In November of 1939, the German Naval War Staff  (Oberkommando der Kriegsmarine or OKM) sent Scharnhorst on her first operation along with her sister ship Gneisenau, with whom she operated throughout the majority of her career.

Scharnhorst‘s first operation was a sortie into the North Atlantic between Iceland and the Faroe Islands where she sank the British axillary cruiser HMS Rawalpindi. (You can read my account of this battle here.) This mission was intended to take British pressure off of the Admiral Graf Spee operating in the South Atlantic and was conducted prior to major training.

After her return to Wilhelmshaven for minor repairs from splinter damage resulting from her first mission, Scharnhorst spent the winter of 1939-40 in the Baltic Sea for gunnery training. This proved to be a longer training session than normal since heavy ice kept Scharnhorst trapped in the Baltic until February 1940.

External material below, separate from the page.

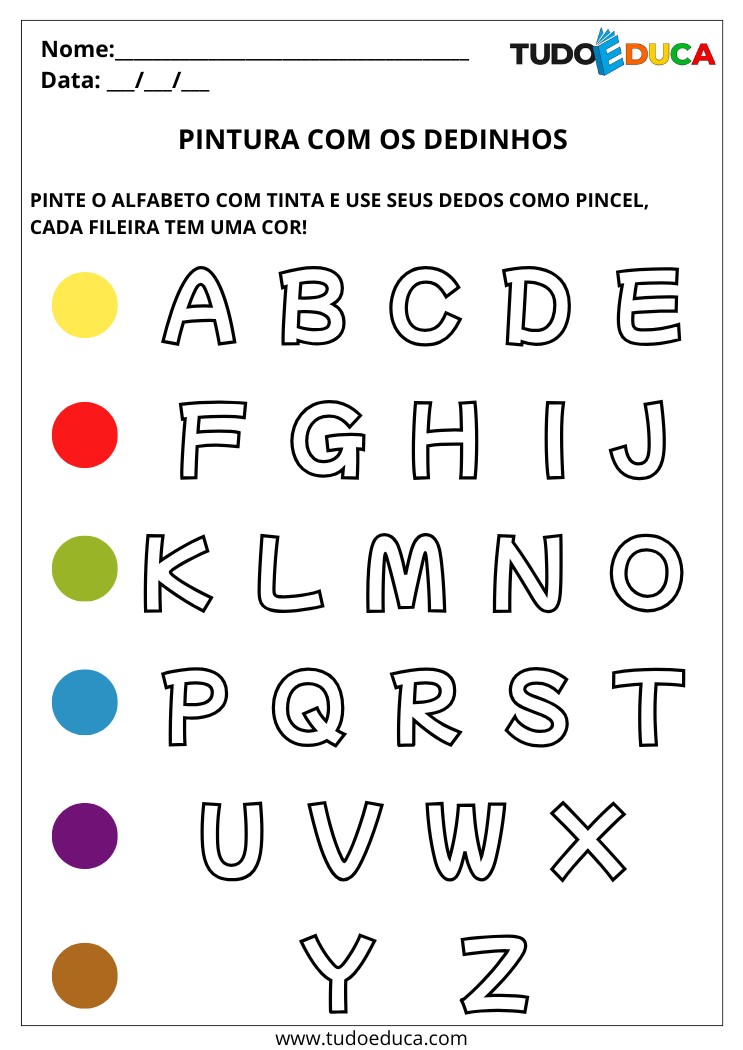Atividade de Introdução ao Alfabeto para Autistas pinte o alfabeto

Scharnhorst then went on to participate in Operation Weserübung, the invasion of Denmark and Norway. In April 1940 in the North Sea, Scharnhorst and Gneisenau faced off against the British battlecruiser HMS Renown. Scharnhorst suffered from malfunctions while Gneisenau took two direct hits and both ships used their superior speed to escape back to Kiel for repairs. In June, the two ships returned to the North Sea to disrupt British supply lines to Norway. The sister ships faced off against and sank the British carrier HMS Glorious and her two destroyer escorts. This action is notable since Scharnhorst achieved one of the longest range naval gunfire hits in history at a range of ~25,000 meters. Scharnhorst was damaged enough during the encounter to need temporary repairs prior to returning to Germany and survived numerous attacks from the RAF over the two weeks it took her to return to Kiel where her repairs required six months dock time.

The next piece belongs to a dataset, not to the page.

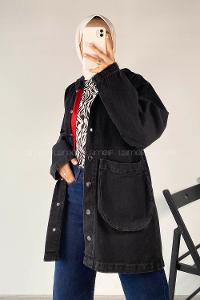 Modalamelif Kapüşonlu Körük Cepli Ceket Siyah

Scharnhorst then participated in Operation Berlin which involved convoy raiding in the Atlantic with her sister ship. This action encompassed two separate raids lasting throughout early 1941 under the command of Admiral Günther Lütjens, who later commanded the Bismarck on her fateful voyage, and ultimately resulted in both ships being in port undergoing repairs when the Bismarck left for the North Atlantic.

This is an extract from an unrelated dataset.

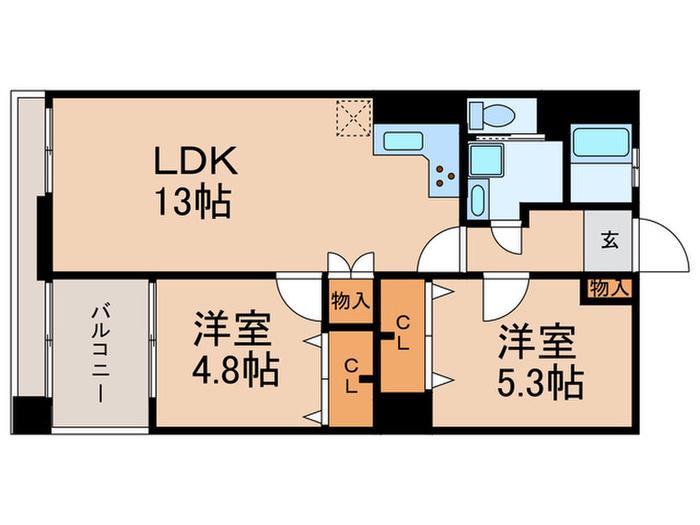 目白目白ビル(2LDK/6階)の間取り写真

In early 1942, Scharnhorst, Gneisenau, and Prinz Eugen all took part in Operation Cerberus, also known as the Channel Dash, where the three ships fled back to their home ports from France through the English Channel. Damaged from several mines during this action, the Scharnhorst spent four months in Kiel being repaired.

Finally, Scharnhorst went to Norway in early 1943 to join in the raids on Allied convoys to the Soviet Union. In December 1943, she led a raid against a convoy and was sunk in the Battle of the North Cape. Collected below are photographs of the Scharnhorst during her launch and commissioning.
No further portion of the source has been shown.